Please give the records below again in full, exactly, with the images left out.

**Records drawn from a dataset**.
◆ ◆ ◆ ◆
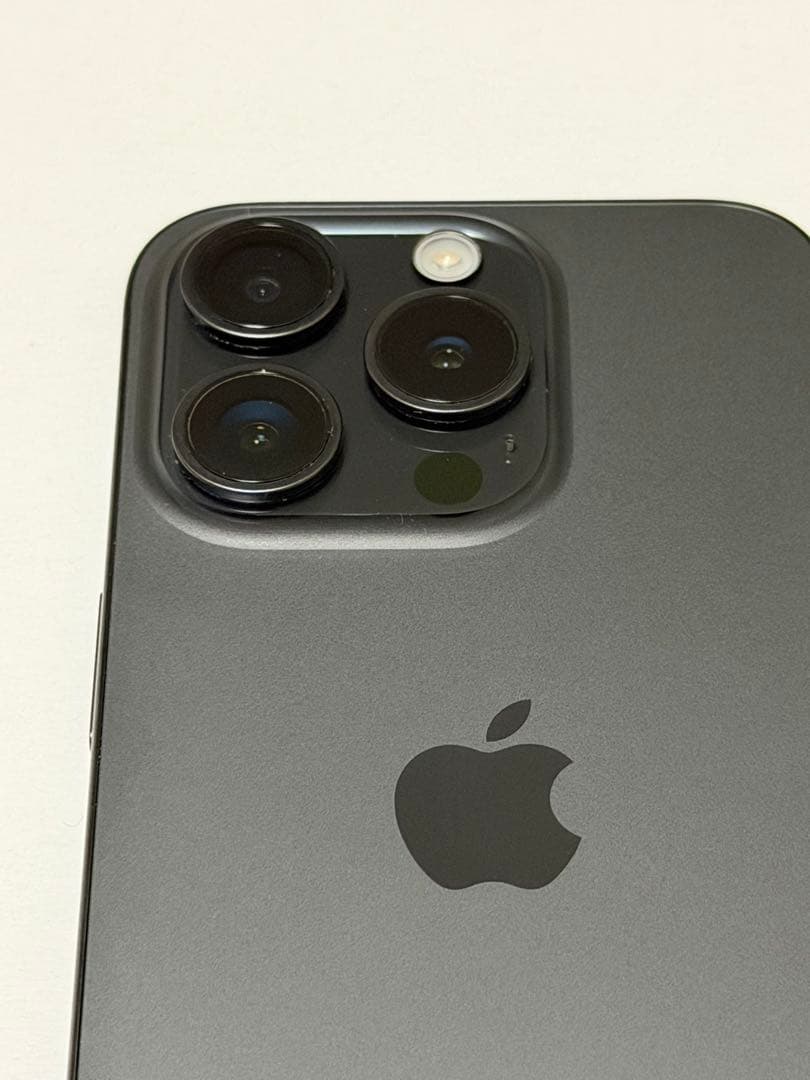 iPhone 15 Pro ブラックチタニウム 256 GB SIMフリー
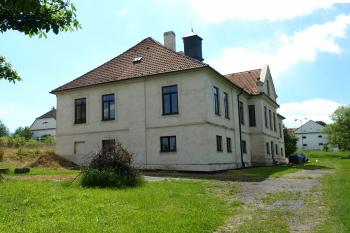 pohled od západu ( © Milan Caha 05/2009)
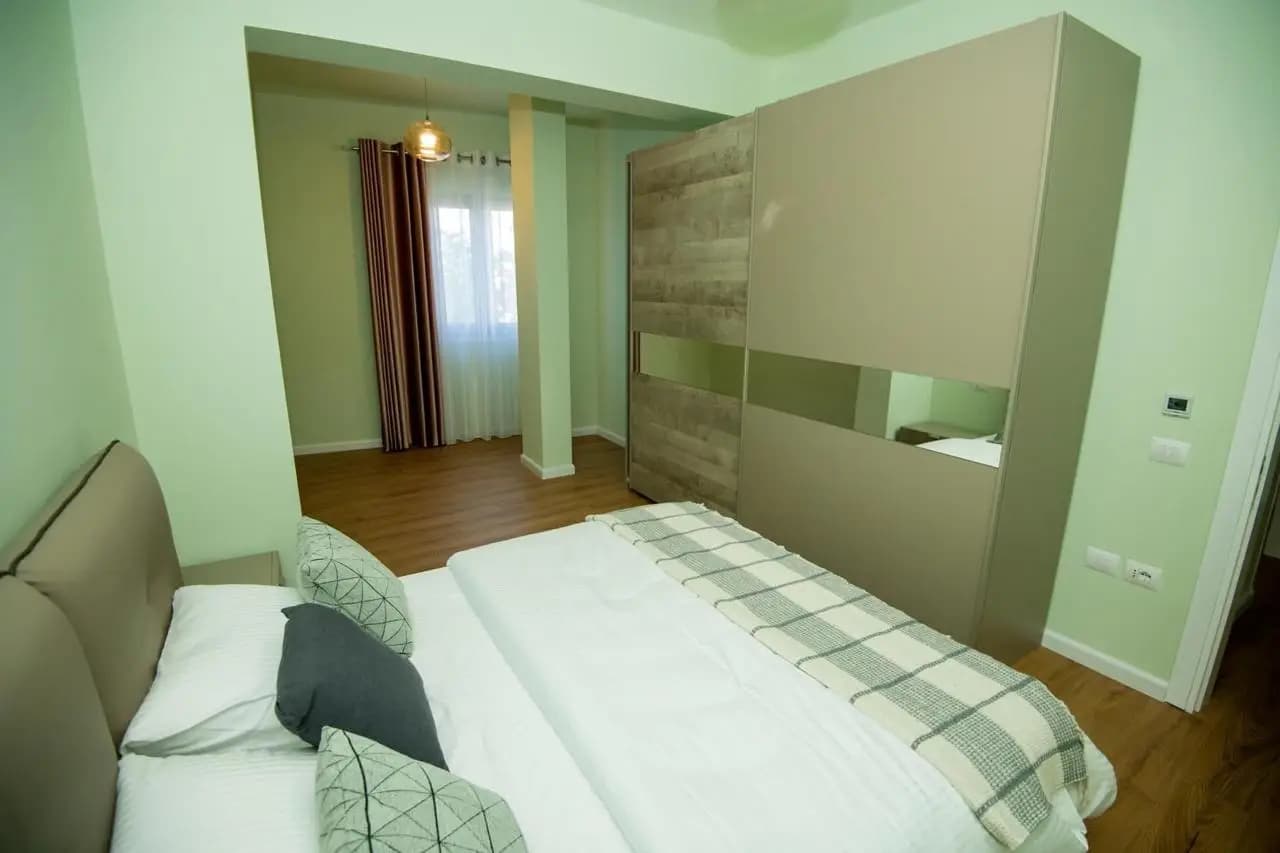 JEPET ME QERA APARTAMENT 2+1 ZONA VILA ZOGUT 2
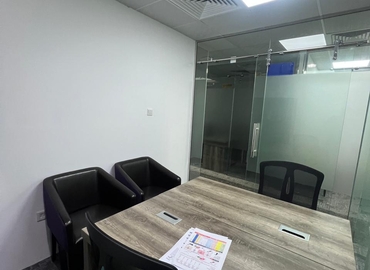 Office 777V+Q8G 0000 Dubai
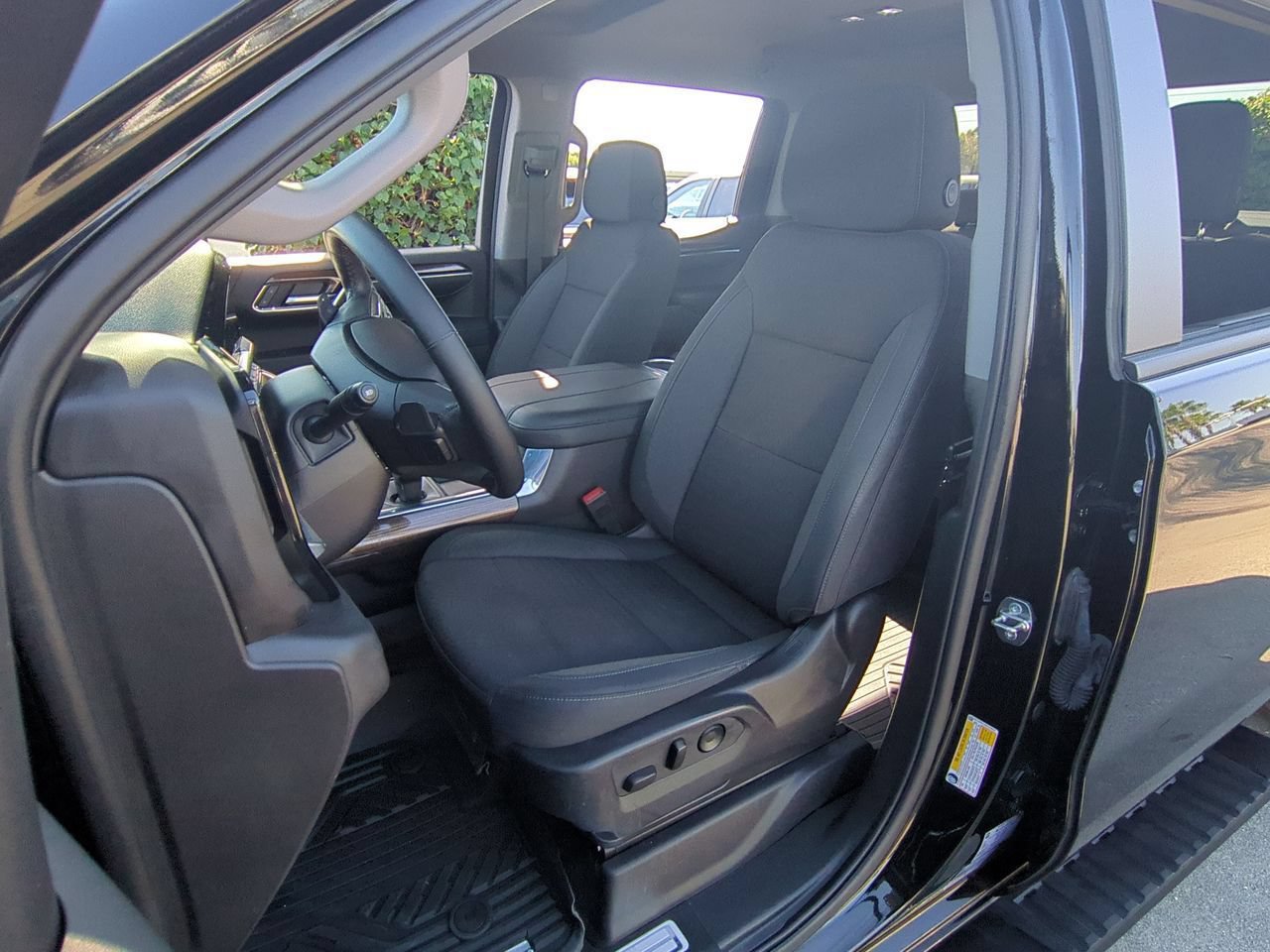 Used 2024 Chevrolet Silverado 1500 LT Trail Boss w/ Protection Package AWD/4WD image 19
◆ ◆ ◆ ◆
**ANSWER BELOW**.
 iPhone 15 Pro ブラックチタニウム 256 GB SIMフリー
 pohled od západu ( © Milan Caha 05/2009)
 JEPET ME QERA APARTAMENT 2+1 ZONA VILA ZOGUT 2
 Office 777V+Q8G 0000 Dubai
 Used 2024 Chevrolet Silverado 1500 LT Trail Boss w/ Protection Package AWD/4WD image 19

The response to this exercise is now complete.